Check basic step fit and transform functionality.

checkStep(step: Step, dataset: QSPRTable) Tuple[DataFrame, DataFrame | None]

Check basic step functionality and serialization.

clearGenerated()

Remove the directories that are used for testing.

countTestCases()
createLargeMultitaskDataSet(name='QSPRDataset_multi_test', target_props=[{'name': 'HBD', 'task': TargetTasks.MULTICLASS, 'th': [-1, 1, 2, 100]}, {'name': 'CL', 'task': TargetTasks.REGRESSION}], random_state=42)

Create a large dataset for testing purposes.

Parameters:
  • name (str) – name of the dataset

  • target_props (List of dicts or TargetProperty) – list of target properties

  • random_state (int) – random state to use for splitting and shuffling

Returns:

a QSPRDataSet object

Return type:

QSPRDataSet

createLargeTestDataSet(name='QSPRDataset_test_large', target_props=[{'name': 'CL', 'task': TargetTasks.REGRESSION}], random_state=42, n_jobs=1, chunk_size=None, drop_empty_target_props=True)

Create a large dataset for testing purposes.

Parameters:
  • name (str) – name of the dataset

  • target_props (List of dicts or TargetProperty) – list of target properties

  • random_state (int) – random state to use for splitting and shuffling

Returns:

a QSPRDataSet object

Return type:

QSPRDataSet

createSmallTestDataSet(name='QSPRDataset_test_small', target_props=[{'name': 'CL', 'task': TargetTasks.REGRESSION}], random_state=42, drop_empty_target_props=True)

Create a small dataset for testing purposes.

Parameters:
  • name (str) – name of the dataset

  • target_props (List of dicts or TargetProperty) – list of target properties

  • random_state (int) – random state to use for splitting and shuffling

Returns:

a QSPRDataSet object

Return type:

QSPRDataSet

createTestDataSetFromFrame(df, name='QSPRDataset_test', target_props=[{'name': 'CL', 'task': TargetTasks.REGRESSION}], random_state=None, n_jobs=1, chunk_size=None, drop_empty_target_props=True)

Create a dataset for testing purposes from the given data frame.

Parameters:
  • df (pd.DataFrame) – data frame containing the dataset

  • name (str) – name of the dataset

  • target_props (List of dicts or TargetProperty) – list of target properties

  • random_state (int) – random state to use for splitting and shuffling

  • prep (dict) – dictionary containing preparation settings

  • n_jobs (int) – number of jobs to use for parallel processing

  • chunk_size (int) – size of chunks to use per job in parallel processing

Returns:

a QSPRDataSet object

Return type:

QSPRDataSet

debug()

Run the test without collecting errors in a TestResult

defaultTestResult()
classmethod doClassCleanups()

Execute all class cleanup functions. Normally called for you after tearDownClass.

doCleanups()

Execute all cleanup functions. Normally called for you after tearDown.

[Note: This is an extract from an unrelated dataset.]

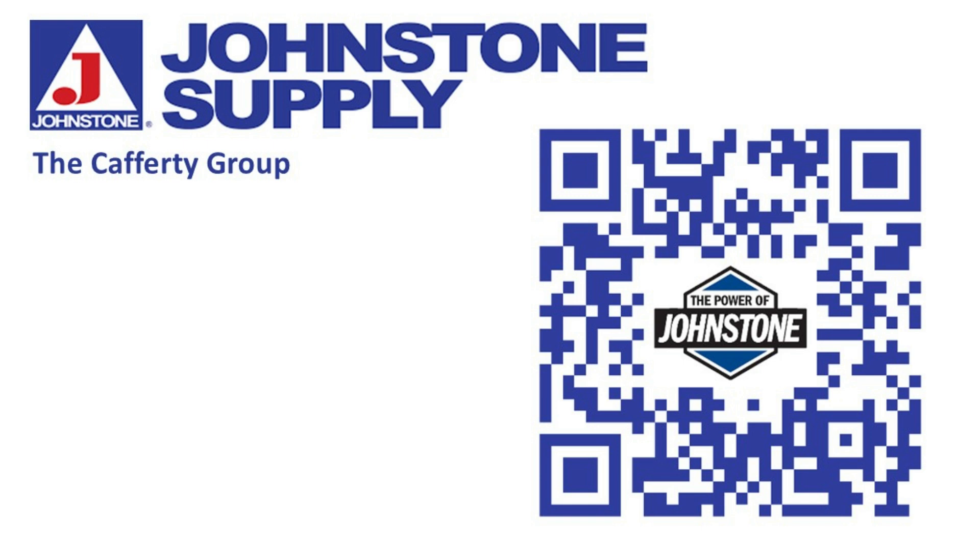As always, all the TSAs at Johnstone Supply Cafe Group — thank you for the opportunity to spend a few minutes with you.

classmethod enterClassContext(cm)

Same as enterContext, but class-wide.

enterContext(cm)

Enters the supplied context manager.

If successful, also adds its __exit__ method as a cleanup function and returns the result of the __enter__ method.

fail(msg=None)

Fail immediately, with the given message.

failureException

alias of AssertionError

classmethod getAllDescriptorSets()

Return a list of (ideally) all available descriptor sets. For now they need to be added manually to the list below.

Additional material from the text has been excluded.